Ontem foi assim também, de chuvarada forte, porém rápida. De um instante pra outro e um pé d’água começou a cair, e no momento seguinte as águas já estavam escorrendo pelas ruas, as poças se formadas por todo lugar, rios finos escorrendo pelos caminhos de chão. Muita chuva em pouco tempo, mas uma esperança imensa de logo mais haver um retorno em maior pujança.
E parece ter chegado hoje, já próximo ao entardecer. Perante o olhar dos mais velhos, daqueles sábios sertanejos perante as feições da natureza, não é apenas chuva grande de repente caída, mas prenúncio de trovoada. As nuvens gordas, o nublamento além do esperado, os trovões e os relâmpagos, não deixam mentir. Sem falar de um calor de mil sóis e de um mormaço que esturrica tudo. Tudo isso se afeiçoa a trovoada.
Em momentos assim, mas não igual a outros tempos, certamente que muitas donas de casa ficam em tempo de se acabar com medo dos relampejos e dos trovejamentos. O nome de Deus, dos santos e anjos, não sai da boca. Padim Ciço e Frei Damião também são invocados contra o medo da acabação. Os dedos buscam rosários e terços e a boca tremulante vai repetindo antigas e poderosas orações.
Em momentos assim de trovões e relâmpagos, nada de deixar espelho descoberto. Tudo que seja brilhoso tem de ser logo encoberto para que os raios não sejam chamados. Igualmente com panela, copos, raças, qualquer coisa possa reluzir e atrair a força relampejante da natureza. Sem falar que muita gente se mete debaixo das camas, chora, grita, fica em tempo de endoidar.
Assim, o que para a maioria é sinal de esperança, pois as chuvas tão esperadas chegando, para outros se transformando em verdadeiro tormento. Mas ainda assim a meninada, acaso encontre uma porta aberta, logo sai em disparada pelas ruas.
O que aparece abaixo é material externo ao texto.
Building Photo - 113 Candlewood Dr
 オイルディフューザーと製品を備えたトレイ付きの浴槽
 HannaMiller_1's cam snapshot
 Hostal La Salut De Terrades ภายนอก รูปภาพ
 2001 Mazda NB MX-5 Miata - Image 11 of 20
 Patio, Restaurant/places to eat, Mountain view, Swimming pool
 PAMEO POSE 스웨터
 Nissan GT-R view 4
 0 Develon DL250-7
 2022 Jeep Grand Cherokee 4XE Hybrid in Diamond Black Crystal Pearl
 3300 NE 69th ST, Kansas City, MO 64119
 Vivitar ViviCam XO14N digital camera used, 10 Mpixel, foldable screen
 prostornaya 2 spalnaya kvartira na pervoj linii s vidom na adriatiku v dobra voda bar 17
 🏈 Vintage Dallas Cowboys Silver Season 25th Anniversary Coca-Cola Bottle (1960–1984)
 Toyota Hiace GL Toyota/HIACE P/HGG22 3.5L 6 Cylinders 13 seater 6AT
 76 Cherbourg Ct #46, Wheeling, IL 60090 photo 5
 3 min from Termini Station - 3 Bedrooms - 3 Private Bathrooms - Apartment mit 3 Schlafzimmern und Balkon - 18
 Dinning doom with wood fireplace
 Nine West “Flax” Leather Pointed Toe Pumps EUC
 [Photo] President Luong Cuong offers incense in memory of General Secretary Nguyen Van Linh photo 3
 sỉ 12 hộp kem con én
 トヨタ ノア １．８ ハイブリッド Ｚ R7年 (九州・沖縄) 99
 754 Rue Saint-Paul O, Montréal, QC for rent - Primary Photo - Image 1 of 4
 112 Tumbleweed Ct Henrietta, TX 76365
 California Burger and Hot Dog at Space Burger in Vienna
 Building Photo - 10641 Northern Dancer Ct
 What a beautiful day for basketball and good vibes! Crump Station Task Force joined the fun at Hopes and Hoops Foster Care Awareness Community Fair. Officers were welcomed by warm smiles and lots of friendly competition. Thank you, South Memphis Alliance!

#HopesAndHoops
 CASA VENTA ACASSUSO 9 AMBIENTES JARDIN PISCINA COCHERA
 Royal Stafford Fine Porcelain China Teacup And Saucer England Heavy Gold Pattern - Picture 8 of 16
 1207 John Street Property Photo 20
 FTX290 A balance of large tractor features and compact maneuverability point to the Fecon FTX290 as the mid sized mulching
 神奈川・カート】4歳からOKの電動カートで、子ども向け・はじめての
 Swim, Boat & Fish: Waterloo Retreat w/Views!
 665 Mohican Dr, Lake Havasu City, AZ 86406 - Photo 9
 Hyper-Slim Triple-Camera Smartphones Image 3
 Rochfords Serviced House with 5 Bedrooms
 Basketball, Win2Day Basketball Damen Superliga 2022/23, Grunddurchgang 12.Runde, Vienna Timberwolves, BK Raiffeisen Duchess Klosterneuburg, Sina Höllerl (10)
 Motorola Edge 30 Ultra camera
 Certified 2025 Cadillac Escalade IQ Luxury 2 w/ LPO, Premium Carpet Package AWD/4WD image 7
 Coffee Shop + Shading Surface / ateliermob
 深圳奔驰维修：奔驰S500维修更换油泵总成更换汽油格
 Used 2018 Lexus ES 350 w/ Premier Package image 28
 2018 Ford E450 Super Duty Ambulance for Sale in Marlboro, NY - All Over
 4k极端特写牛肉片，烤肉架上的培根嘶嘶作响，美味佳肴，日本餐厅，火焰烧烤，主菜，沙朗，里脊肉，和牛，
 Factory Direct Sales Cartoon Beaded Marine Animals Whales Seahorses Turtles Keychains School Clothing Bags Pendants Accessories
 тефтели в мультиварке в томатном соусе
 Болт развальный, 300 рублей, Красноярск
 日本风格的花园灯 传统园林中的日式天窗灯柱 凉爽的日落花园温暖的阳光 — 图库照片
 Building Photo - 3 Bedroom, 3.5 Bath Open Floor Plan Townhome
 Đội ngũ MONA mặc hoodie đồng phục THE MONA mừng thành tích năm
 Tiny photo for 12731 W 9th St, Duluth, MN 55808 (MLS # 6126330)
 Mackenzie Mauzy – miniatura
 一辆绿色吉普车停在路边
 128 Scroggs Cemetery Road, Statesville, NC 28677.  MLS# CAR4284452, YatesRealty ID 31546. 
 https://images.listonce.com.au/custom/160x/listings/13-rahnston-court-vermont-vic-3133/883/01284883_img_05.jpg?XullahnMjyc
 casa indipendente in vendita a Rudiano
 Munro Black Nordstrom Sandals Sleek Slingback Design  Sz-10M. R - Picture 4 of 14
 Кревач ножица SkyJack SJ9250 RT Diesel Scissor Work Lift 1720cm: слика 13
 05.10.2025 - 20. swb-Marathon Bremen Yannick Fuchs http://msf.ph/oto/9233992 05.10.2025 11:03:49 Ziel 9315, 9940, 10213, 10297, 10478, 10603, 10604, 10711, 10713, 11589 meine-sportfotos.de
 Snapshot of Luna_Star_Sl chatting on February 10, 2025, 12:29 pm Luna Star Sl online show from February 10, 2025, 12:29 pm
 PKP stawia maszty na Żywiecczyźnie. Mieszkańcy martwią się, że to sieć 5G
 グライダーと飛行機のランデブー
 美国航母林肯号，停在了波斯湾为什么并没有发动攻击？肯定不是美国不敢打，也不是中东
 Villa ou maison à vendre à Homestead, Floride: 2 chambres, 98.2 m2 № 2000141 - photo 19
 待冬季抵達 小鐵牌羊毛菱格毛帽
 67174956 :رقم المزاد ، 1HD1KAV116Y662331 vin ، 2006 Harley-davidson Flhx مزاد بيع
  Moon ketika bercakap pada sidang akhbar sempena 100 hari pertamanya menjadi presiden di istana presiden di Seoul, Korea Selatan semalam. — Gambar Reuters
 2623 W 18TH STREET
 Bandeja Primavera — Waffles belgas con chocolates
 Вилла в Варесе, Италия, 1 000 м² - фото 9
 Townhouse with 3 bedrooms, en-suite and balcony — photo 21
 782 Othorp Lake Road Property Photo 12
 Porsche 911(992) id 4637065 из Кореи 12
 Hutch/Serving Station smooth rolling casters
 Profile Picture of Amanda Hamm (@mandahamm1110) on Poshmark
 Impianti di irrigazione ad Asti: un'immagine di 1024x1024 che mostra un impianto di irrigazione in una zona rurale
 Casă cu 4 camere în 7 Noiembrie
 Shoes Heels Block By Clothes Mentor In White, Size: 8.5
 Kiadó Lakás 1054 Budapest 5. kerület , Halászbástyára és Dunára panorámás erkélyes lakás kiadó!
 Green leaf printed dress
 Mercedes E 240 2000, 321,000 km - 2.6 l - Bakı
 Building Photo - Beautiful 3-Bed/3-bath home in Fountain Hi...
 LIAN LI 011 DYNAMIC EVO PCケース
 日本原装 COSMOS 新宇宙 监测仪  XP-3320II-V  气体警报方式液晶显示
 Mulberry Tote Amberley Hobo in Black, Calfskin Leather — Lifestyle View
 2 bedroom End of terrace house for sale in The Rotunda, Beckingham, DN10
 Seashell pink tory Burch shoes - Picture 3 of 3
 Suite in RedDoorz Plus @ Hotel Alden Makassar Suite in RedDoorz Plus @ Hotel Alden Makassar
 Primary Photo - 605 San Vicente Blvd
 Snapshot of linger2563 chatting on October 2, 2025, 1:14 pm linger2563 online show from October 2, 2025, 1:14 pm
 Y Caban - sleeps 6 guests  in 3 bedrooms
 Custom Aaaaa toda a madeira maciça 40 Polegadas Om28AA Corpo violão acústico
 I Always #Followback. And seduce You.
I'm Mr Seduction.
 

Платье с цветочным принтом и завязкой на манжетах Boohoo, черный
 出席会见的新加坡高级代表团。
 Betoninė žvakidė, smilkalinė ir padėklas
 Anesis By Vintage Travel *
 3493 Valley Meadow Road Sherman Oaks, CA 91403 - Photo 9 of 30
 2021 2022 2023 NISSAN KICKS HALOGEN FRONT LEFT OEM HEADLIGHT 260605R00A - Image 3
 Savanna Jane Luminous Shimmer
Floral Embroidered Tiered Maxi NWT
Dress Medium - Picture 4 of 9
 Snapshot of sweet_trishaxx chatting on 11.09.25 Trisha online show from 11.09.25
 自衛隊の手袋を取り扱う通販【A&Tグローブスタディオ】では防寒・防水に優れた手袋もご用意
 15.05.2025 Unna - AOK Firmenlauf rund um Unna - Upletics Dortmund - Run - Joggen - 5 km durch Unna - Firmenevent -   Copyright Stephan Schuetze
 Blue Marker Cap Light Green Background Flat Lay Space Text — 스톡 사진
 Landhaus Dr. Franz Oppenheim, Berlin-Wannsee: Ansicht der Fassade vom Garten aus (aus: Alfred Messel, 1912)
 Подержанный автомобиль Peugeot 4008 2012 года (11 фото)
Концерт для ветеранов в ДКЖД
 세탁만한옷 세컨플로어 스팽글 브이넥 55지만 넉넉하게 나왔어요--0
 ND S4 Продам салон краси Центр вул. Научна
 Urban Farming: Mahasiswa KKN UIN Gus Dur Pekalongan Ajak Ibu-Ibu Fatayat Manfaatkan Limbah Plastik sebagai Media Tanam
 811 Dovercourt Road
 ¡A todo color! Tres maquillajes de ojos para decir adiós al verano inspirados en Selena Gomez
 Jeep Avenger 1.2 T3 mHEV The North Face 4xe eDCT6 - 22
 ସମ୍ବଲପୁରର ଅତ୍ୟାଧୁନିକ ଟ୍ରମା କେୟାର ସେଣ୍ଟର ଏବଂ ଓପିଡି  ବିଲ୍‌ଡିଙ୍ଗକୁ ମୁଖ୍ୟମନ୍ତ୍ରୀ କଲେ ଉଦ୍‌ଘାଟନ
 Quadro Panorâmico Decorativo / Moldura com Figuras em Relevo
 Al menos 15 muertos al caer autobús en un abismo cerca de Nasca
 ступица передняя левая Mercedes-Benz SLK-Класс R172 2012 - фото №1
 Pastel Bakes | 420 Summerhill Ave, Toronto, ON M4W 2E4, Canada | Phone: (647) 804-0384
Sem temer as fúrias dos trovões e relâmpagos, simplesmente procuram biqueiras, descampados, calçadas escorregadias e até poças para os festins da chuvarada.
Certamente que os trovões e os relâmpagos assustam, porém muito mais as estiagens grandes, as secas medonhas, os bichos berrando com fome e sede e o homem na desvalia de tudo. Num período assim, ao invés de as mãos se unirem em orações para que os trovões e os relâmpagos se afastem dali, verdadeiramente imploram sua chegada. E há muito sertanejo que até chora de alegria ao ouvir os primeiros ribombos lá no alto ou nas distâncias.
A verdade é que os trovões sertanejos são como anúncios de chuva grande. Não há medo que seja maior que a vontade que chova muito, e sempre mais. São das trovoadas grandes que as esperanças renascem em semente em grão. Com a terra molhada, com o tanque cheio, com os brotos vingando de novo sobre a terra, então logo se terá fartura. E o sertão alimenta-se dessa esperança entremeada de medo e alegria com as forças da natureza.
Não demorou muito e os trovões e os relâmpagos foram embora. A chuvarada forte também. Mas a terra já está molhada, alguma água foi juntada nos açudes, barragens e tanques. E o homem da terra já faz planos. Logo estará semeando o grão sobre o chão.